What's your deep-dive holiday game?

It's a long holiday in the United States; how will you waste that time by diving deep on a video game?

What's your deep-dive holiday game?

Every Friday, A.V. Club staffers kick off the weekend by taking a look at the world of gaming, diving in to the ideas that underpin the hobby we love with a bit of Game Theory. We’ll sound off in the space above, and invite you to respond down in the comments, telling us what you’re playing this weekend, and what theories it’s got you kicking around.


As I’ve noted frequently in this space—often while staring down the barrel of a 60-hour RPG that I was reviewing on deadline—few artistic mediums are less considerate of people’s time than video games. As someone who recently came to the end of Wicked a changed man—i.e., one nearly three hours older, and containing a great deal more popcorn—I was reminded that even the most long-running of movies can’t hold a candle to the teensiest of games when it comes to willfully devouring chunks of the human lifespan. (Hell, even Lego Horizon Adventures, a game so brain-agnostic that it manages to condense down one of the most complete and total apocalypses in all of gaming into a breezy kid-friendly format, is more demanding.) To play games as an adult is to live in constant fear of your hobby devouring your time, your sleep, your life. Who has the time?

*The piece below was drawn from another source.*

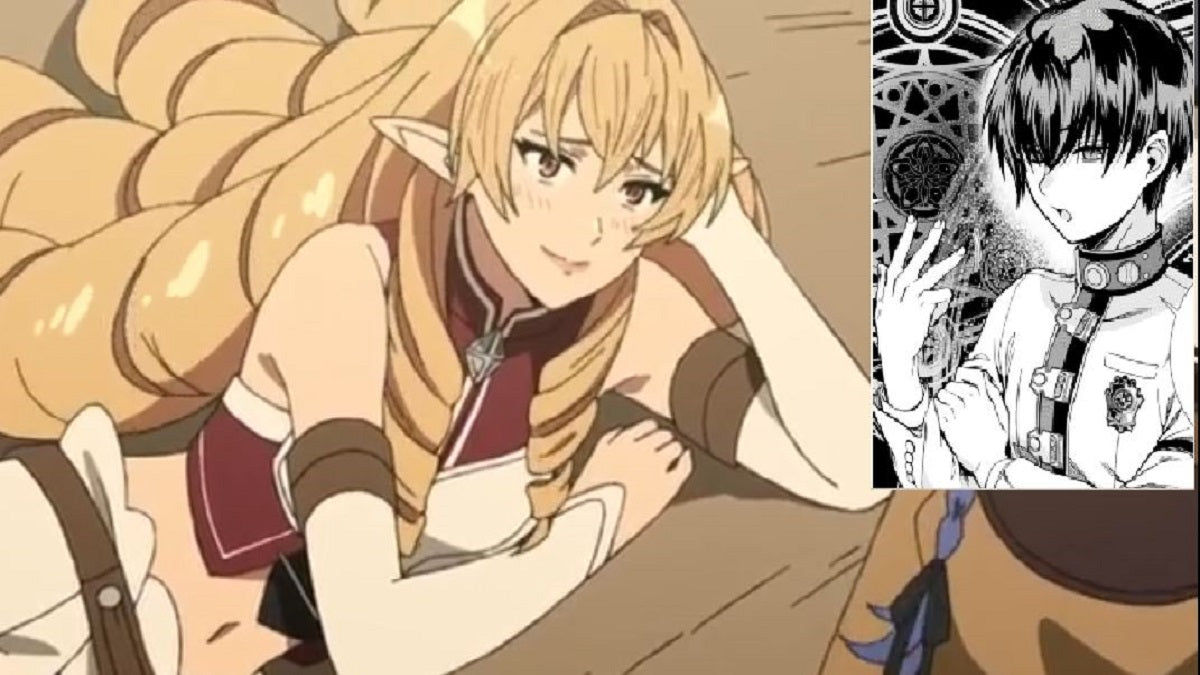 4 Facts about Cliff Grimoire “Mushoku Tensei”, Elinalise Dragonroad's husband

Luckily (at least, for those of us who get it), we’re in the midst of a long holiday weekend in the United States, i.e., one of those rare stretches of life where you might be able to give multiple hours of your life over to the Great God Gaming without wrecking career/friendships/relationships. Which leads us back to the question I put in big letters at the top of this column: What’s your deep-dive game, now that you have a few minutes to actually play?

2024 certainly hasn’t been lacking for them; this is, after all, the year that kicked off with Final Fantasy VII Rebirth, one of the most shamelessly time-snarfing games in recent memory. It’s not just that the maximalist RPG is massive, although it is; it’s the fact that it’s a 100-hour remake of one chunk of a 60-hour game, which has then been stuffed to the gills with minigames, bonus fights, card battles, those fucking Moogle houses, etc. It’s a game that assumes you have infinite time to play it, and if I hadn’t already driven myself nuts getting it as close to complete as I was going to, I can easily see it as a candidate for a long weekend of gaming madness.

Dragon’s Dogma 2, meanwhile, isn’t nearly as long, but it does have a similar demand for focus: Any game where you can accidentally nuke your main city because you weren’t paying enough attention to your hirelings’ back-talk is its own kind of demanding. DD2 is a good reminder that games aren’t just all-consuming because of time, but because of attention: It’s a game that assumes you’re willing to give over the mental run-time to learn its rules, whether it’s mastering various archetypes, managing how to take down boss monsters as quickly and efficiently as possible, or just remembering how the hell its convoluted fast travel systems work.

That’s to say nothing of games that contain multitudes of games within them: I’m planning on spending some serious time this weekend with UFO 50, Mossmouth’s tremendous collection of 50 alternate universe NES games. I’ve played a lot of UFO 50, and still feel like I’ve barely scratched its surface; maybe this Friday is the perfect time to finally do a deep-dive on obscure, fascinating puzzles like Barbuta, or challenge friends to a bout of the extremely addictive deck-builder Party House. UFO 50 embraces the kind of confidence that you only really get with indie game design: It’s a game perfectly content to let dozens of hours worth of hidden gems lay hidden behind literal layers of virtual dust, just waiting to be discovered. (My personal recommendation, if you’ve been staring at its list of titles and wondering where to start: Try Mortol 2. It’s better than Mortol 1!)

But while there are any number of games clamoring for my attention over this long weekend—the Dragon Quest III remake, S.T.A.L.K.E.R. 2, and, if I hadn’t already beaten the hell out of it, Metaphor: ReFantazio—the game I’ll probably be playing the most of is one I actually have pretty mixed feelings about: Dragon Age: The Veilguard. Yes, I’m still plugging along at BioWare’s latest from time to time, despite the issues I enumerated in my write-up of it—its hideous loot glut, the lack of personal stakes, the cast of characters so bland that I couldn’t name them for you right now despite having spent like 40 hours with them—still rankling. The honest truth, though, is that I find myself needing a game that doesn’t want much from me during this blessed downtime; sure, I could start S.T.A.L.K.E.R. and devote myself, mind and body, to learning the deadly rules of this latest trip to the Zone, or take another stab at the intentionally dispiriting mechanics of Frostpunk 2. But Veilguard—which has a combat system that’s it’s one major saving grace, high-energy but not too taxing—is, in a way, a holiday game to the hilt: Undemanding, smooth, the kind of game you can play through while getting just the gist of its dialogue. (Why am I killing this blood cultist? Quest marker told me to!) It’s not a good game, by any means but, hey: Taste needs a holiday, sometimes, too.